▶ [DATA SHOWN]
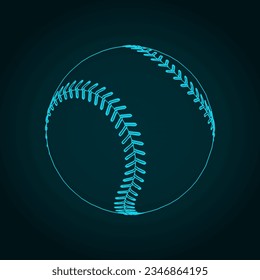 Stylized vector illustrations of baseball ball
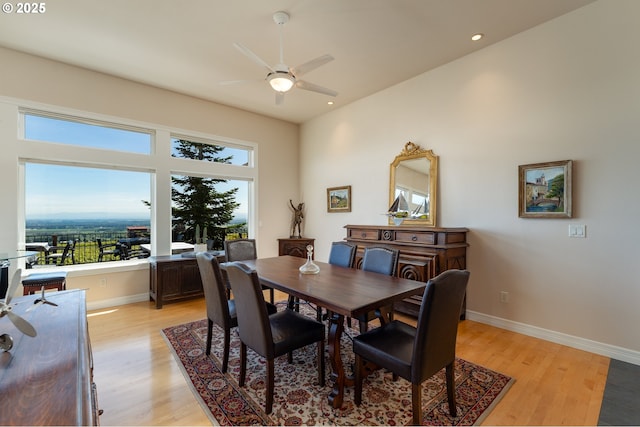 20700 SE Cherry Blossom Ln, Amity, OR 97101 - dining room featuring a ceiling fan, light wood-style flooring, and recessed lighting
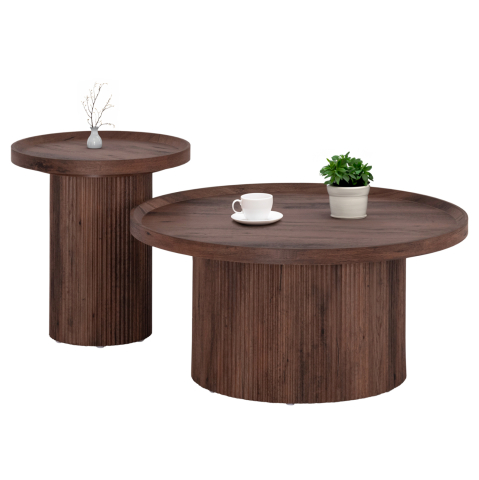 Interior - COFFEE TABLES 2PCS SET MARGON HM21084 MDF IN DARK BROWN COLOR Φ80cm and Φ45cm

▶ [PROBLEM STATEMENT] All of the data above is to be repeated exactly, with the pictures left out.

▶ [ANSWER TO THIS EXERCISE]
 Stylized vector illustrations of baseball ball
 20700 SE Cherry Blossom Ln, Amity, OR 97101 - dining room featuring a ceiling fan, light wood-style flooring, and recessed lighting
 Interior - COFFEE TABLES 2PCS SET MARGON HM21084 MDF IN DARK BROWN COLOR Φ80cm and Φ45cm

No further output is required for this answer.